Méfiance – L’édito de Christophe Bonnefoy
Surtout, surtout, ne pas s’enflammer. Depuis le début de la pandémie, on a un peu tout eu. Le masque qui ne sert à rien. Parce qu’on n’est pas capable d’en fournir suffisamment à tous ? Puis le masque dont on ne doit plus se passer. Parce qu’on ne sait plus par quel bout prendre le problème ? On a eu, également, le professeur qui se pose en sauveur du pays, et pourquoi pas de l’humanité, avant d’être quasiment relégué par la communauté scientifique au rang de vulgaire gourou. Parce que les intérêts sont ailleurs qu’à Marseille ? Allez, rire jaune, on a même vu, de l’autre côté de l’Atlantique, un président à la mèche rebelle prendre le problème par dessus la jambe et affirmer qu’un petit verre d’eau de Javel pouvait aisément régler son compte au Covid-19. On connaît la suite : les Etats-Unis sont parmi les plus touchés par le virus mais, ouf, ses habitants, quoi qu’on en dise, ne sont pas prêts à devenir bêtes au point de boire un poison pour se soigner.

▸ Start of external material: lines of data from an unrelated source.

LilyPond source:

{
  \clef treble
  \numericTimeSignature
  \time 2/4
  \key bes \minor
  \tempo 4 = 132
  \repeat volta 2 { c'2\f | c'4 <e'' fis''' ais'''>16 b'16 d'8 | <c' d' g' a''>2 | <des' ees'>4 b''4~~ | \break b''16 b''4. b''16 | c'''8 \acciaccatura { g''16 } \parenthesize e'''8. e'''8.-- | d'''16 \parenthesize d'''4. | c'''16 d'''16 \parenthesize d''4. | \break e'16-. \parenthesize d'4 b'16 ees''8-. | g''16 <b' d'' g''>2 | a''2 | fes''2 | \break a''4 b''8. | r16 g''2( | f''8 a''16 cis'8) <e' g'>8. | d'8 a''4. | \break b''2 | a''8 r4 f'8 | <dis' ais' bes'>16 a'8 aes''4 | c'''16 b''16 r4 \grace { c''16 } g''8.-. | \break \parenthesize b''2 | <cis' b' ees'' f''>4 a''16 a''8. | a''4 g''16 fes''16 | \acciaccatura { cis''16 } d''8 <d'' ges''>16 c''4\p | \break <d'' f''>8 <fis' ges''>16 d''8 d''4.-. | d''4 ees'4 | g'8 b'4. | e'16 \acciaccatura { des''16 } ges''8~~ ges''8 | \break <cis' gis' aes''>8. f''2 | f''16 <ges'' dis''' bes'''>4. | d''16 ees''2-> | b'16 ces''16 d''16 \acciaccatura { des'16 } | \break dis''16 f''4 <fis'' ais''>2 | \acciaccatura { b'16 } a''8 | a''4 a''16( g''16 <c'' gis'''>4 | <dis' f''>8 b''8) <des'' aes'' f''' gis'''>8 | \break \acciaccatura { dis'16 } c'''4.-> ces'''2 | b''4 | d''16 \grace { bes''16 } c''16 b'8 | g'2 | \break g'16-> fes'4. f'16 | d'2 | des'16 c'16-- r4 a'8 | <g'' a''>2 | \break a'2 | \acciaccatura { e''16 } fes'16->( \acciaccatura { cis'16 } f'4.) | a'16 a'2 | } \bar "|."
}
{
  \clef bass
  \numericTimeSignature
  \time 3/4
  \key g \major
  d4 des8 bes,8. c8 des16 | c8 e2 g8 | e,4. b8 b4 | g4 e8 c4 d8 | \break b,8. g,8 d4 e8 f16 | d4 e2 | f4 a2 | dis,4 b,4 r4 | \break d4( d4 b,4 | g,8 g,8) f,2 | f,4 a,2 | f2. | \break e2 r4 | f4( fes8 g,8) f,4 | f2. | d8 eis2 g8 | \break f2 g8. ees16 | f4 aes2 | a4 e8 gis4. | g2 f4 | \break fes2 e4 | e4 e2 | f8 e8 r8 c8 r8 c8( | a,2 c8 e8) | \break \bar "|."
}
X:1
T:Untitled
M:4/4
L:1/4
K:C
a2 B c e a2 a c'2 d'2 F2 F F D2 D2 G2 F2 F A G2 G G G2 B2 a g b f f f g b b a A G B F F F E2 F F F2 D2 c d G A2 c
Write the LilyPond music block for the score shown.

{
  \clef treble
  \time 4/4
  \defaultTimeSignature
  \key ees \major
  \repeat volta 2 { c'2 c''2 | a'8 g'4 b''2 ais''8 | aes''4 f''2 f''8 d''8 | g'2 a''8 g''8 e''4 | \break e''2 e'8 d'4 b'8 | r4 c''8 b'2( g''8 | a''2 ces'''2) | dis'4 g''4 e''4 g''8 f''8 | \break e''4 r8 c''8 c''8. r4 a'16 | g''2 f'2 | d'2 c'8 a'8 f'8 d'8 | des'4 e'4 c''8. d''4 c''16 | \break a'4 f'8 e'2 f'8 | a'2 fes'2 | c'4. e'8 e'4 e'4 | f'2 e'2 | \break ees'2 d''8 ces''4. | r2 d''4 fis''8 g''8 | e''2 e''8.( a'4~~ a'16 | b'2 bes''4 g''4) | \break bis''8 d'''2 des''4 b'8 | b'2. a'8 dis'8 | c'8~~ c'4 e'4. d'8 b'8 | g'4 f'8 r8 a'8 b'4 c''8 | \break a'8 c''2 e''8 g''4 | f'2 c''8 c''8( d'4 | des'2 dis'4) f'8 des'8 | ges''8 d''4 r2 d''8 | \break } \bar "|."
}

Alors que penser de la Russie, qui affirme avoir découvert le vaccin que le monde entier attend ? Méfiance, méfiance… On a presque envie de dire que c’est précisément parce que Vladimir Poutine en a fait l’annonce en grande pompe que cette information vitale est d’office suspecte. Encore plus, lorsqu’il éprouve le besoin d’ajouter que sa propre fille se l’est fait inoculer.
En vérité, en tout cas pour ce qui est du vaccin, on devine bien que les labos du monde entier ne sont pas en train de travailler uniquement pour la santé des populations. Certes, ils sont pleinement investis dans la recherche du remède. Pour sauver des vies, évidemment. Mais sont, aussi, les acteurs parfois malgré eux d’une course au leadership entre grandes puissances. Pour parler de manière triviale, le vaccin sera synonyme de jackpot. Pour le scientifique qui en sera à l’origine, mais aussi le pays ou la firme qui aura financé son développement.